Hello and welcome to Electronics Point
First, I have to know if you are the Crash Test Dummies bassist or not... Perhaps you're a fan and you're using his name?
As Gryd3 says, you can't use the signal itself to power the LED - there's not enough energy, for a start. So some kind of battery
would be needed, and that will determine the minimum size.
Assuming you have a power source, electrically you can distinguish three states for a guitar cable: (1) not plugged into a guitar, (2) plugged into a guitar with no signal, and (3) plugged into a guitar with signal. These states could be displayed with a multi-colour LED.
This assumes that the guitars have a DC path. They normally do, but it's possible for an active or passive guitar or bass to include a DC blocking capacitor in series with the output. I haven't seen this, but I haven't seen inside that many instruments. In this case the guitar's presence couldn't be detected unless the guitar was modified. The signal could be, though.
Circuitry to do this could be made fairly small, but not small enough to fit into a plug. Even if tiny SMT (surface-mount technology) components were used, on a tiny, thin circuit board, the battery would be too big.

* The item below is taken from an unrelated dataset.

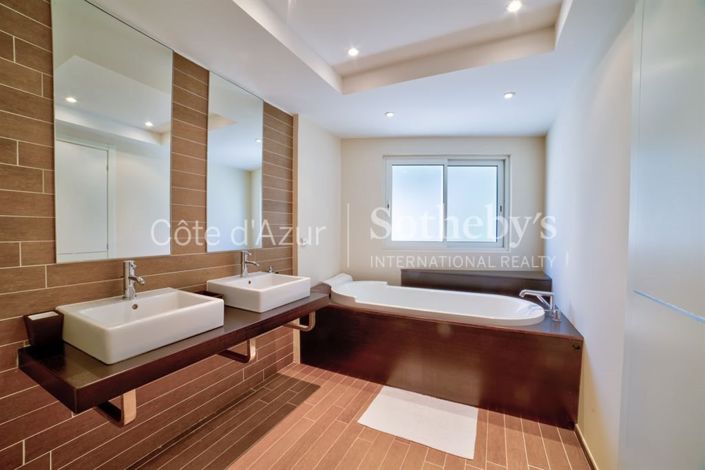 Image No.11-7 Bed Property for sale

So you could make a small box that you could plug cables into, but that's not quick and convenient. You could make a number of small boxes that connect in-line with cables. The problem then becomes battery lifespan.
The monitoring circuit can be designed to consume very little current when the cable is not plugged in, so you could use, say, a 3V CR2032 button cell and it might need replacing every few months or after every ten gigs.
(Re Adam's suggestion: parasite power is not used with guitars, but a monitoring feature like you want could be built into a DI box.)
Edit: I meant to say "phantom power" not "parasite power" there!
Feel free to tell us more about what you want.